* What the exercise asks *
Take the lines below between the one holding "9634 Dundawan Road" and the one holding "A makeup artist", inclusive, and copy them exactly. Add nothing.

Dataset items
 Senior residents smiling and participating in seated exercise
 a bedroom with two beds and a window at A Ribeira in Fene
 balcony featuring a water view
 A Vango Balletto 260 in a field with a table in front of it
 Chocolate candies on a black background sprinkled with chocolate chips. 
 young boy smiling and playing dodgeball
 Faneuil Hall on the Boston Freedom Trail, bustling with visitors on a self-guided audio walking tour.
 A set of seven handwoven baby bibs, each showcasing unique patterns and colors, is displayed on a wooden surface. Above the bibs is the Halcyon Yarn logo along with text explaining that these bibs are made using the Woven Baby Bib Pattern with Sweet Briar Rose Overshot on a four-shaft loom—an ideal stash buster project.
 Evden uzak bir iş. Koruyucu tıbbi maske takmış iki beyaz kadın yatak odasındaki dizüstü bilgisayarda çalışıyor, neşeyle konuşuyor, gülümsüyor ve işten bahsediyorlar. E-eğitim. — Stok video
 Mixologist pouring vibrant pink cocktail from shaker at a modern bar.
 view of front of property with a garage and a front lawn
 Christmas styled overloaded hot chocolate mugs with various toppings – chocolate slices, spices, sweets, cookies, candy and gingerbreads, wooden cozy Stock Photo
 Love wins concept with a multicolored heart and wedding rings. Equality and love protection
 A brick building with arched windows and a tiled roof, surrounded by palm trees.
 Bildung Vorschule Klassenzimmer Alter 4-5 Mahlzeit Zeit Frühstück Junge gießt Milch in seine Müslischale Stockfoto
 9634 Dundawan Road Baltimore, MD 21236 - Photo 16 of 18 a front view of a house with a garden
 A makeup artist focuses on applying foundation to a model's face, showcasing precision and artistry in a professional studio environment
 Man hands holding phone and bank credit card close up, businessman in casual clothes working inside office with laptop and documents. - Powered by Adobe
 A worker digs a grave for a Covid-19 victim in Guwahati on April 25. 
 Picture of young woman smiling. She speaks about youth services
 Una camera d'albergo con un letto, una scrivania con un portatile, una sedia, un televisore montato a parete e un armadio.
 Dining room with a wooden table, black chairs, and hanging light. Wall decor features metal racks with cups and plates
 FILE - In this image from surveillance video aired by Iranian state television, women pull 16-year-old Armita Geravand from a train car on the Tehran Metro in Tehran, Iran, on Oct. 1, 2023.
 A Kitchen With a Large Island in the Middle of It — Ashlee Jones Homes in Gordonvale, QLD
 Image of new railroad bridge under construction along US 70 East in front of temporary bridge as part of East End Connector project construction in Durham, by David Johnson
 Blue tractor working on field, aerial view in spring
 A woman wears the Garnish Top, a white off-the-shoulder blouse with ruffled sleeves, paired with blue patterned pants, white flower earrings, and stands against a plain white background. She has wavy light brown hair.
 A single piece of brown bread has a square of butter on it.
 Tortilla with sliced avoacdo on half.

* Reply to the exercise *
 9634 Dundawan Road Baltimore, MD 21236 - Photo 16 of 18 a front view of a house with a garden
 A makeup artist focuses on applying foundation to a model's face, showcasing precision and artistry in a professional studio environment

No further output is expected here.